The death of the 23-year-old East Freedom native is the latest grim reminder that whenever police officers of any jurisdiction begin a work shift, they never can be certain regarding what their fate might be when they’re scheduled to go off duty.
Bravery and the willingness to put one’s life on the line are among every police officer’s most important qualities. Weaver couldn’t have graduated from the State Police Academy last June without possessing those strong characteristics.
Weaver was carrying out his responsibilities when he arrived at the scene of Friday’s call, not knowing that the person with whom he would be dealing — 32-year-old Jason Michael Robison of Hesston — harbored a deep resentment and hatred toward all police and felt joy when he learned that an officer had become a victim while on duty.
Worse, he had no reservations about himself inflicting harm or death on those whose primary ambition is to protect and serve others.

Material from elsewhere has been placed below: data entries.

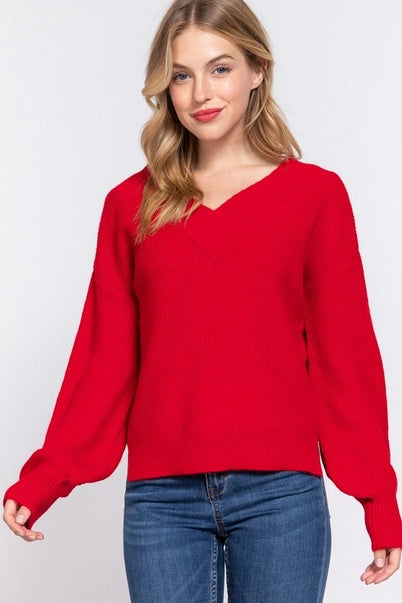 Luxe Balloon-Sleeve V-Neck Sweater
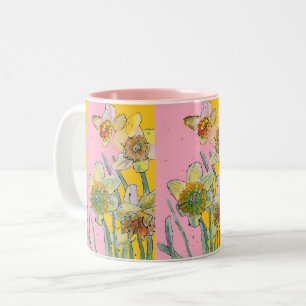 Daffodil Painting Hand Painted Yellow Pink floral Two-Tone Coffee Mug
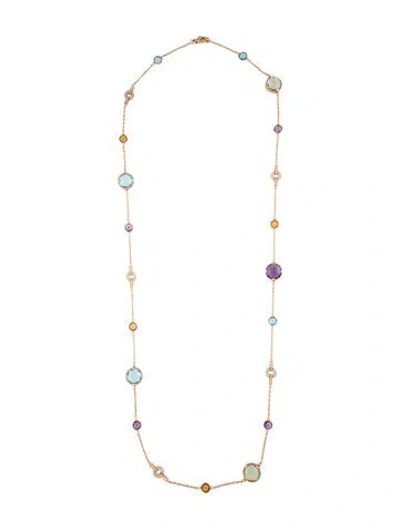 Pre-owned Bvlgari 18k Diamond & Multistone Parentesi Cocktail Sautoir Necklace, 36.5" In Multicolor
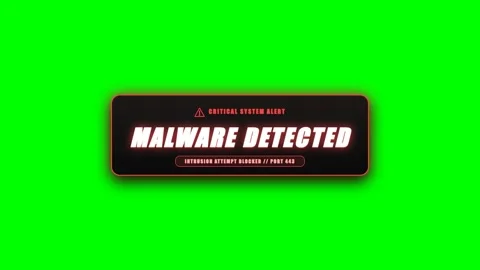 Critical Data Breach Alert Warning HUD Banner on Green Screen Vídeos de archivo 345878306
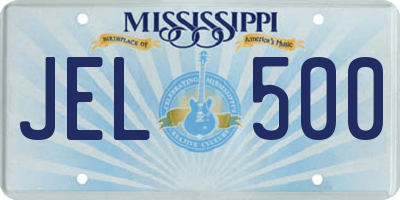 MS license plate JEL500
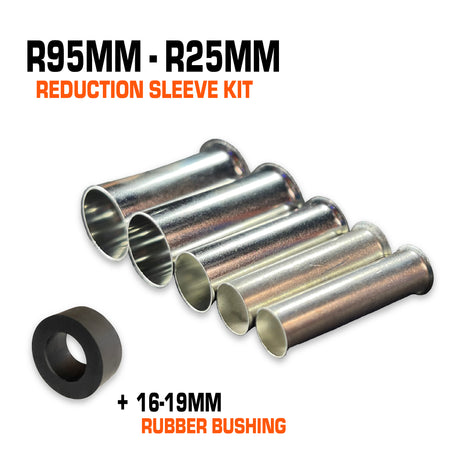 Reduction copper sleeve 5-piece kit with 16-19mm rubber bushing.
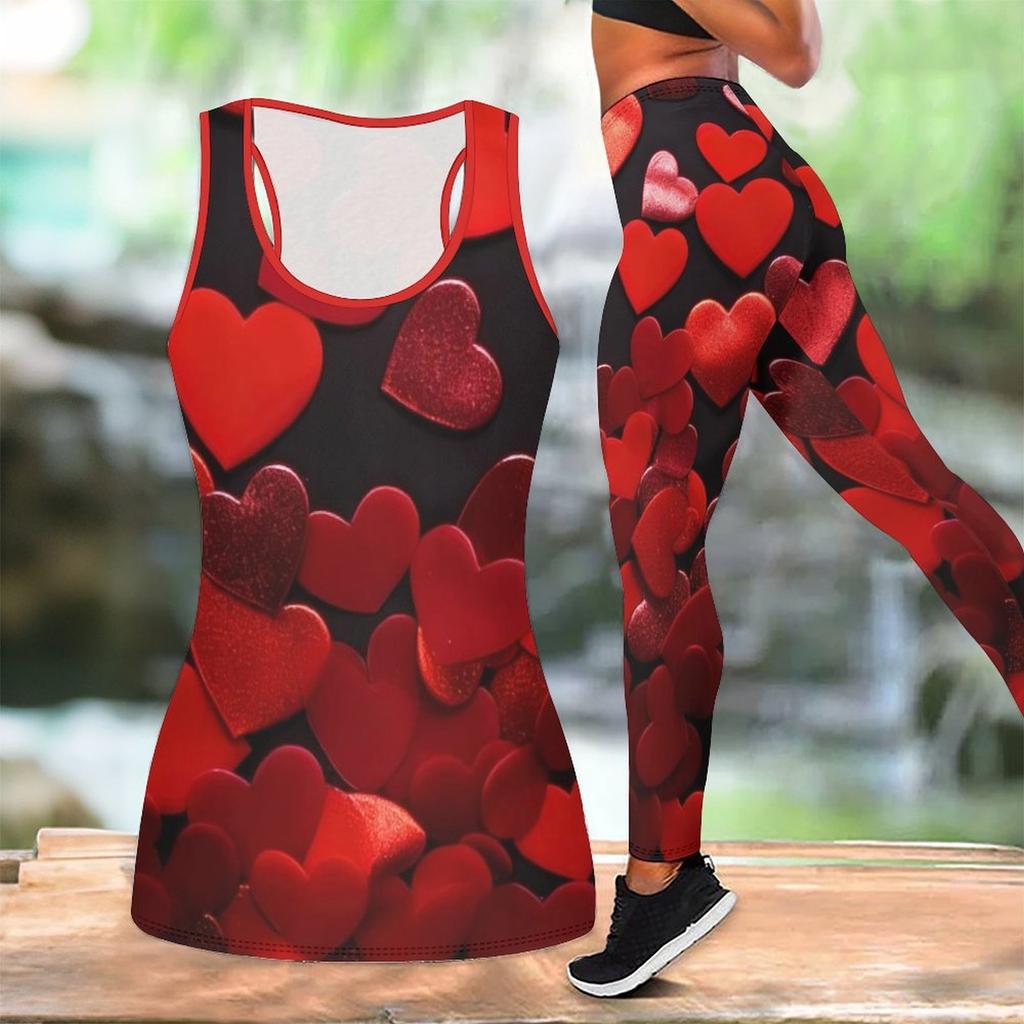 Комплект для йоги с принтом в виде сердечек для женщин, модные леггинсы для тренировок, фитнес, спорт, повседневный набор для йоги, спортивный костюм, эксклюзив ко Дню святого Валентина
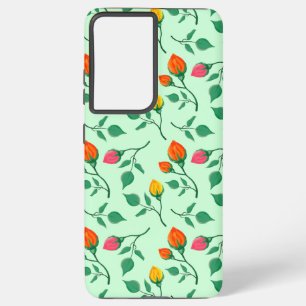 Floral pattern with coloured rose flowers samsung galaxy case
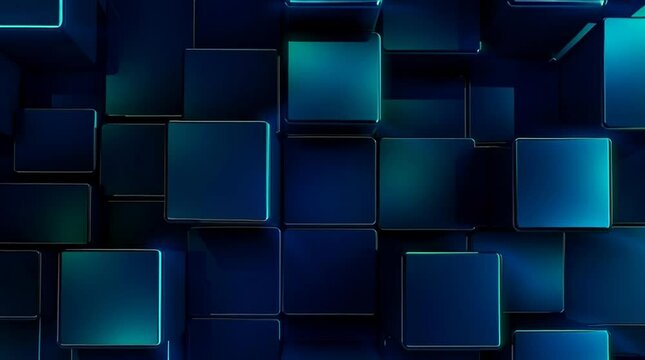 Three-dimensional blue and black cubes form a geometric digital background with a tech-inspired, futuristic vibe.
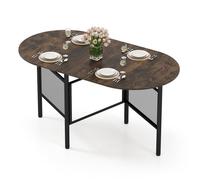 GIANTEX Table a Manger Pliante pour 6-8 Personnes, Table de Cuisine Ovale Rabattable avec Cadre en Métal, 150 x 80 x 76 cm, Brun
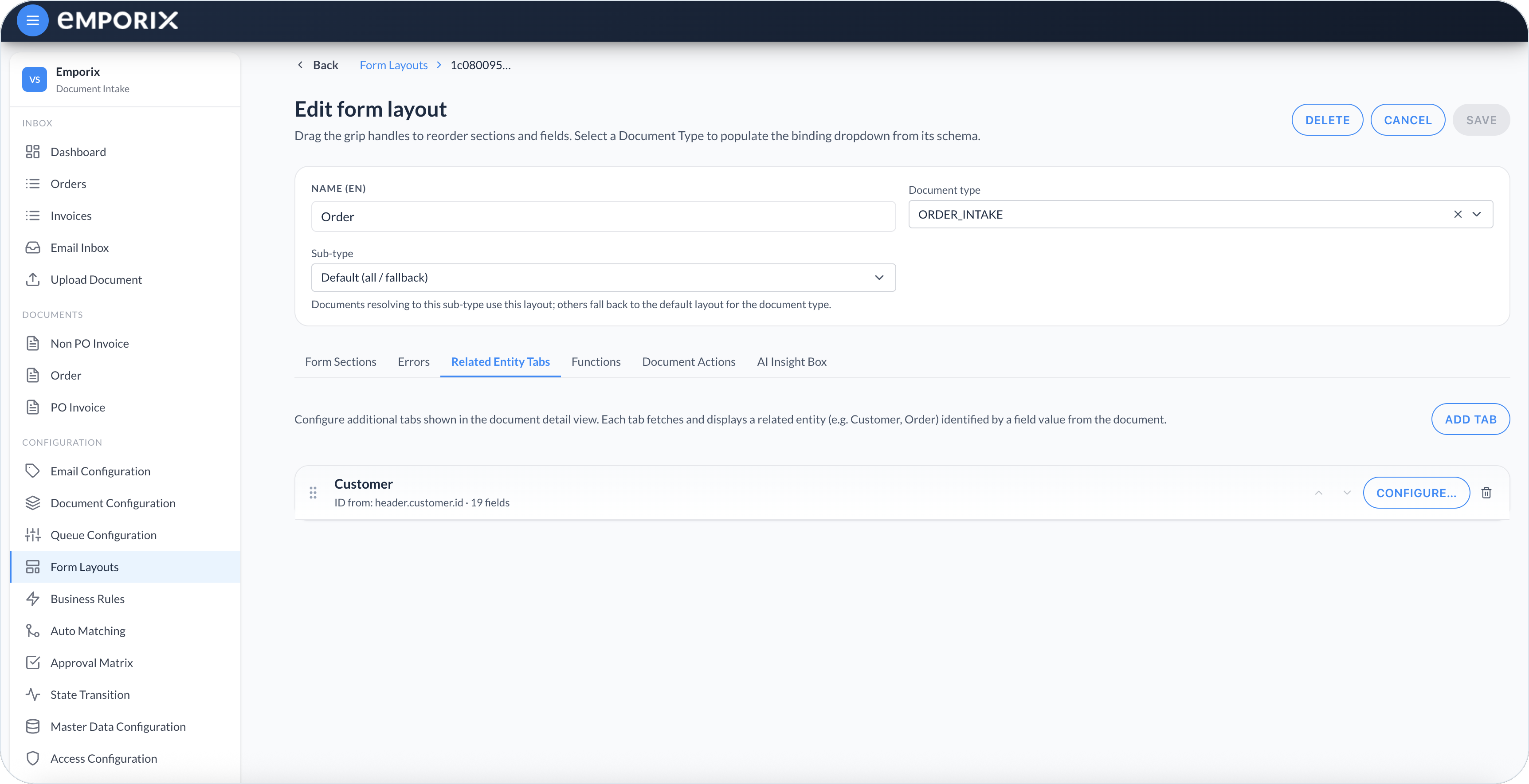 Related Entity Tabs list with a Customer tab and Configure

After ending Weaver’s life, Robison lacked remorse, instead displaying morbid determination to harm other officers attempting to apprehend him.
After a 15-hour search, Robison left officers with no choice but to fire on him, ending the confrontation and his life.
Robison was killed Saturday at the site of an uninhabited mobile home not far from where he lived. Had he chosen to do so, he could have defused the situation without losing his life.
Many people aren’t feeling sorry that he didn’t choose that option because of how he displayed no apparent regard toward Weaver, whose determination to serve and protect others during a long state police career never will be realized.
Everytime there’s a report about an officer killed in the line of duty — and Weaver’s death will be no exception — that report causes some young people to rethink a law enforcement career, and that’s unfortunate and troubling.
“Landon will always be remembered for his bravery, his sacrifice, and his willingness to serve,” said Gov. Tom Wolf.
Weaver will be honored today during visitation at the Blair County Convention Center, where the funeral service will take place Thursday. We hope the large outpouring of support from emergency responders and the community at large will bring comfort to Weaver’s loved ones of a life tragically taken far too soon.